The space complexity is O(1). The pairwise() function generates pairs on-the-fly without storing all pairs in memory, using an iterator approach. The sum() function accumulates the result using a single variable to keep track of the count. No additional data structures that scale with input size are created, resulting in constant space usage.

Learn more about how to find time and space complexity quickly.

Common Pitfalls

1. Misunderstanding the Problem Scope

A common mistake is thinking that Alice could make multiple typing errors or that a "mistake" means typing the wrong character entirely. The problem specifically states she makes at most one mistake of holding a key too long, creating consecutive duplicates.

Wrong interpretation:

# Incorrectly trying to handle multiple mistakes or character substitutions
def wrongApproach(word):
    # This might try to count all possible compressions
    count = 0
    for i in range(len(word)):
        for j in range(i+1, len(word)+1):
            # Complex logic for multiple removals
            ...

Correct understanding: Count only the positions where a single consecutive character group could be reduced.

2. Off-by-One Error in Base Count

Developers often forget to include the original string (no mistakes) in the count, or accidentally double-count it.

Wrong:

def possibleStringCount(word):
    # Only counts the mistake positions, forgets the original
    return sum(word[i] == word[i+1] for i in range(len(word)-1))

Correct:

def possibleStringCount(word):
    # Adds 1 for the case where no mistake was made
    return 1 + sum(word[i] == word[i+1] for i in range(len(word)-1))

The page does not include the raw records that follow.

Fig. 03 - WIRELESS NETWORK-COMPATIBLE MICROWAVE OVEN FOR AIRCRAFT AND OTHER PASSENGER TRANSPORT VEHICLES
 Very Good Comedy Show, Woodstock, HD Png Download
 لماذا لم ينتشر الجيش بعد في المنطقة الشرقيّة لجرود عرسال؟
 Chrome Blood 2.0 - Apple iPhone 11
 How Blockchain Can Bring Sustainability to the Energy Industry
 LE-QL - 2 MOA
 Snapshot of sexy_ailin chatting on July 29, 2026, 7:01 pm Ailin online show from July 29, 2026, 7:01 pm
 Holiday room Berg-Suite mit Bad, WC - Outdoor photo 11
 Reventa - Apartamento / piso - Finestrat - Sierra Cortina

3. Handling Edge Cases Incorrectly

Failing to handle single-character strings or empty strings properly.

Wrong:

def possibleStringCount(word):
    # This crashes on empty string
    count = 1
    for i in range(len(word) - 1):  # range(-1) causes issues
        if word[i] == word[i + 1]:
            count += 1
    return count

Better approach with edge case handling:

def possibleStringCount(word):
    if len(word) <= 1:
        return 1  # Single char or empty has only one possibility
  
    count = 1
    for i in range(len(word) - 1):
        if word[i] == word[i + 1]:
            count += 1
    return count

4. Overthinking Group Sizes

Some might think they need to track the size of each consecutive character group and apply complex formulas.

Overcomplicated:

def possibleStringCount(word):
    groups = []
    current_group = 1
  
    for i in range(1, len(word)):
        if word[i] == word[i-1]:
            current_group += 1
        else:
            if current_group > 1:
                groups.append(current_group)
            current_group = 1
  
    # Complex calculation based on group sizes
    return sum(g for g in groups) + 1

Simple and correct: The number of adjacent pairs already gives us what we need - each pair represents one possible position where a mistake could have occurred.